O sonho não, só os sonhos admitem vôos, transformações, esperanças vagas, utopias, sem a solidez, sem o peso da dura, da ríspida materialidade de ferro das coisas.

A solidez das coisas é burra, é vazia, pura aparência enganosa.

Pois o mundo não precisa ser tal como é. E nossos problemas não precisam ter para nós o peso que têm.

Por trás daquele monstro que nós mesmos criamos para nós mesmos, há um simples e inútil brinquedo de corda, meio quebrado.

A liberdade é possível...

Por quê?

Porque o nosso mundo não está totalmente pronto, não é algo pronto e acabado, que não muda nunca, mas é um processo, um processo em permanente fazer-se.

Tudo morre, mesmo os nossos problemas...

Sim, há sim espaço para a liberdade, para a felicidade, pois os castelos que se armam contra nós são feitos só de areia, não são de aço.

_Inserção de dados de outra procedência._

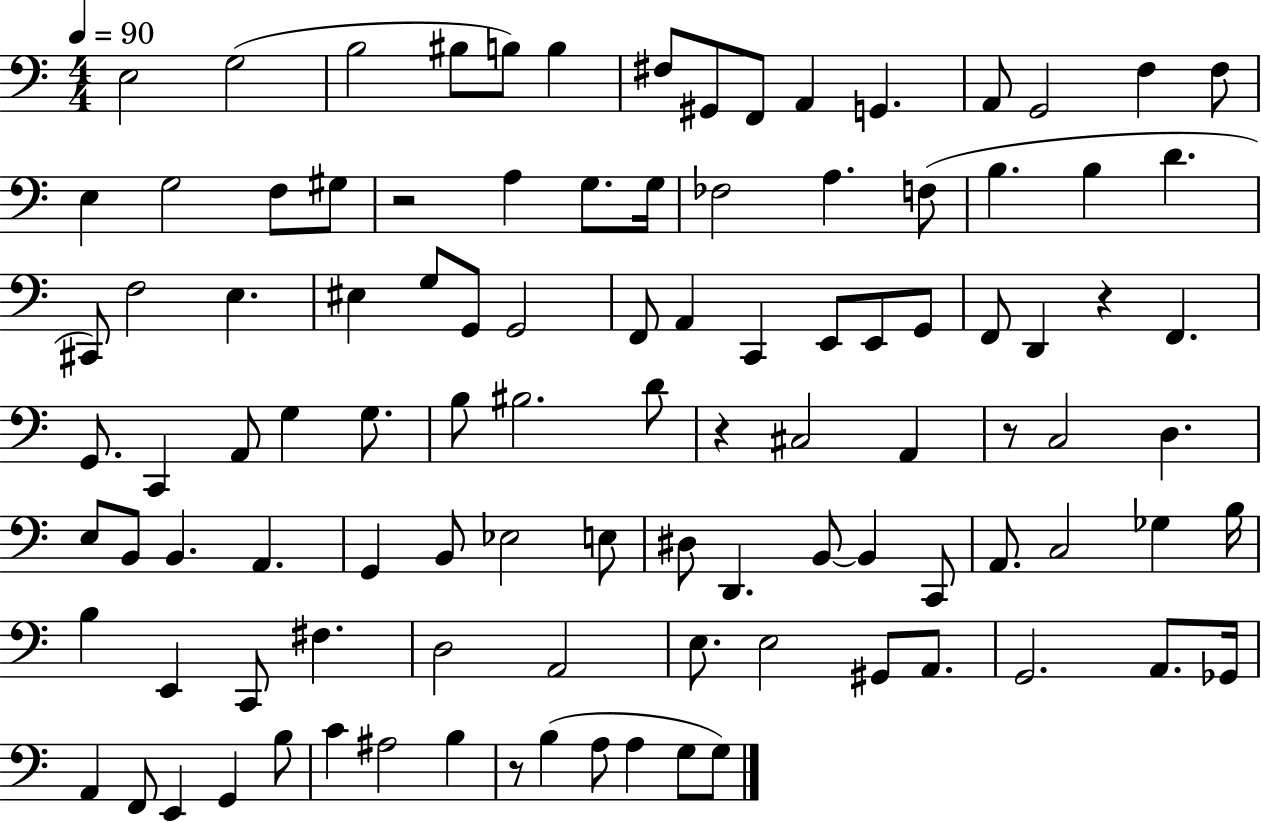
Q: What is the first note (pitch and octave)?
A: E3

E as armas dos nossos inimigos são de açúcar.

Hegel, que viveu e aprendeu no tempo da revolução francesa, da revolução burguesa, dizia que o futuro concreto e imutável é incerto, é "palha e vento, névoa e vapor".

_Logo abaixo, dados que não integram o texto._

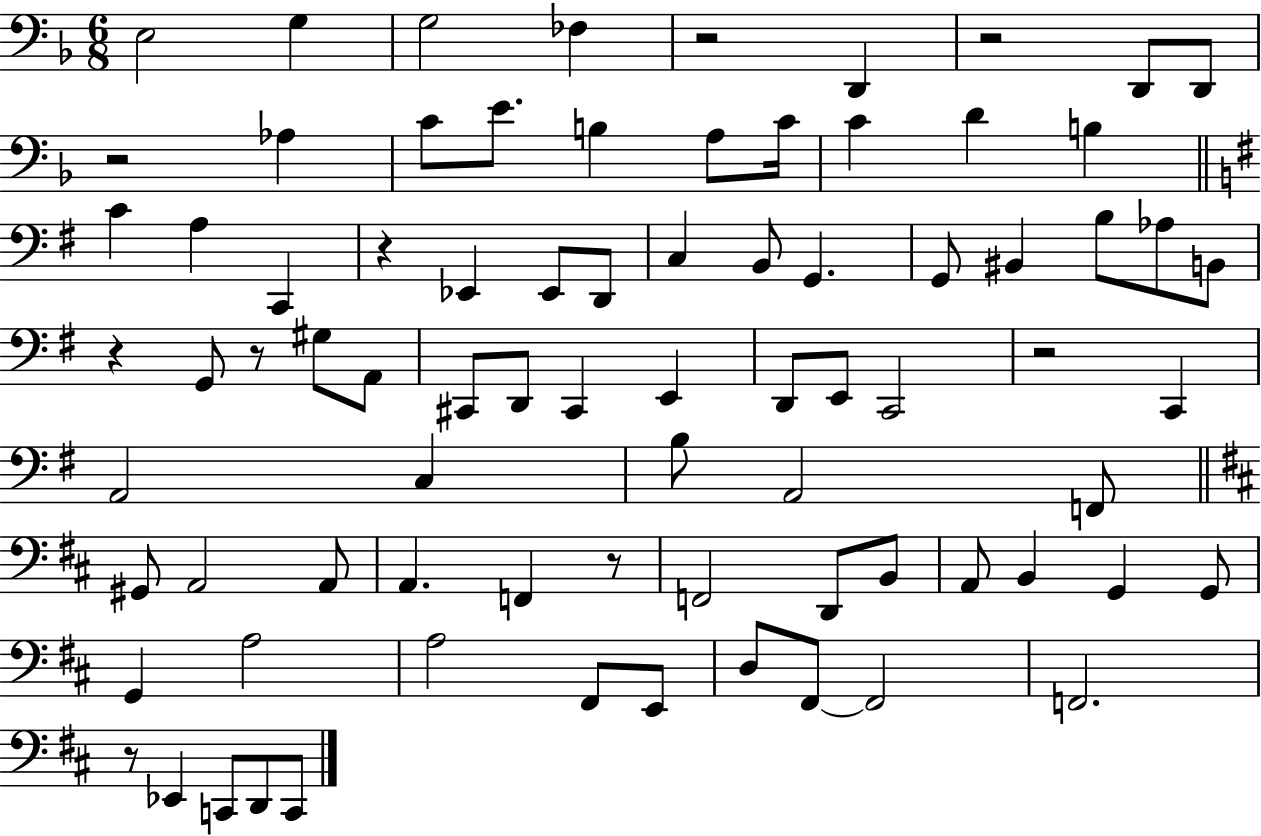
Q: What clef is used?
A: bass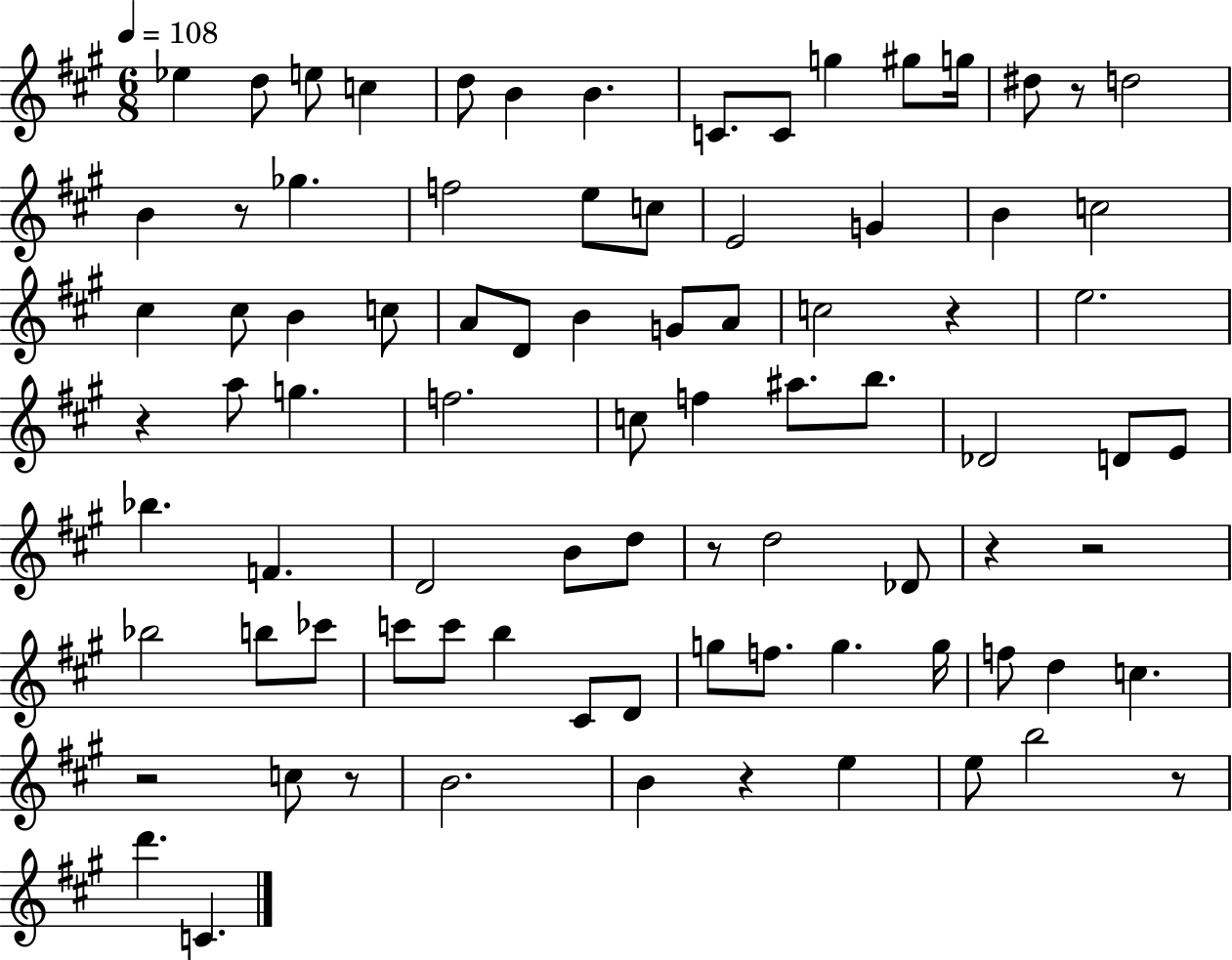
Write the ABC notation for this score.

Hegel "aprendeu"a dialética ao som dos canhões em sua porta.

Quem constrói o mundo futuro somos nós mesmos, com nossas próprias mãos.

Que necessidade estranha temos de sofrer?

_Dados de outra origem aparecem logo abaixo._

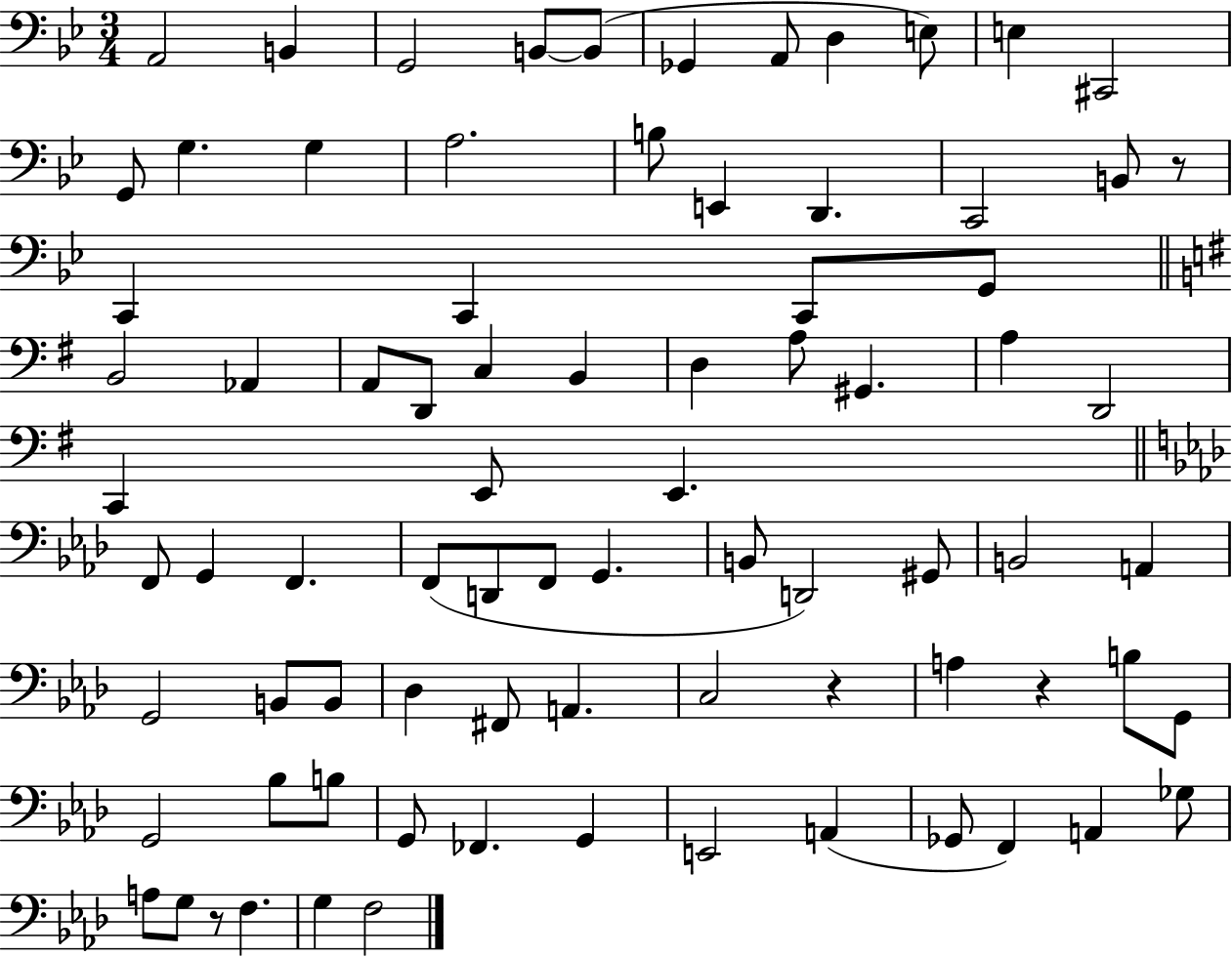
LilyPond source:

{
  \clef bass
  \numericTimeSignature
  \time 3/4
  \key bes \major
  a,2 b,4 | g,2 b,8~~ b,8( | ges,4 a,8 d4 e8) | e4 cis,2 | \break g,8 g4. g4 | a2. | b8 e,4 d,4. | c,2 b,8 r8 | \break c,4 c,4 c,8 g,8 | \bar "||" \break \key e \minor b,2 aes,4 | a,8 d,8 c4 b,4 | d4 a8 gis,4. | a4 d,2 | \break c,4 e,8 e,4. | \bar "||" \break \key aes \major f,8 g,4 f,4. | f,8( d,8 f,8 g,4. | b,8 d,2) gis,8 | b,2 a,4 | \break g,2 b,8 b,8 | des4 fis,8 a,4. | c2 r4 | a4 r4 b8 g,8 | \break g,2 bes8 b8 | g,8 fes,4. g,4 | e,2 a,4( | ges,8 f,4) a,4 ges8 | \break a8 g8 r8 f4. | g4 f2 | \bar "|."
}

Esta é a nossa contradição permanente:

Pois, se buscamos tanto a felicidade, por que insistimos, por que procuramos no nosso "destino", naquilo mesmo que fazemos e que chamamos de nosso destino, o processo que nos causa tanto sofrimento?

Hegel falava da passagem do reino da necessidade para o reino da liberdade.

Na verdade era a mediação do processo da utopia abstrata para a ciência mediadora.

Por tudo isso existe a consciência de que aquilo que nós chamamos de "realidade" está cercado por um mar de possibilidades muito maior do que objetivamente pensamos. Essas possibilidades são mesmo reais.

Diz Bloch: "Há condições que ainda não conhecemos ou que ainda não se apresentaram".

Sim, há as utopias.

Há a Utopia.

A utopia é o lugar daquilo que ainda não existe.

Pelo fato de que ainda não existe aquilo, não quer dizer que não existirá nunca, ou que seja impossível e irrealizável.

Há alguns anos alguém poderia pensar em televisão, penicilina, rádio, celular etc? - estas coisas hoje banais apareciam nas revistinhas de ficção científica das crianças.

Sim, sejamos crianças!

Talvez até certas utopias já existam, mas ainda não estão conscientes.

A Utopia não é uma lenda política.

Diz Bloch que sua fonte, sua origem está em Platão, Thomas Morus, Campanella, Fourier, Saint Simon, Robert Owen, etc.

"São grandiosas tentativas de se lançar no papel uma sociedade melhor".

O sonho de uma vida melhor. Ou seja, o sonho básico é o do paraíso perdido.

A utopia é "a arquitetura ainda não construída". 

A história, a vida humana está cheia de utopias, diz ele, como os sonhos da medicina, da técnica, a ficção científica, a pintura, a música, a poesia.

Parodiando Bloch:

- Ó Utopia, fica comigo amanhã, porque és tão bela e tão necessária!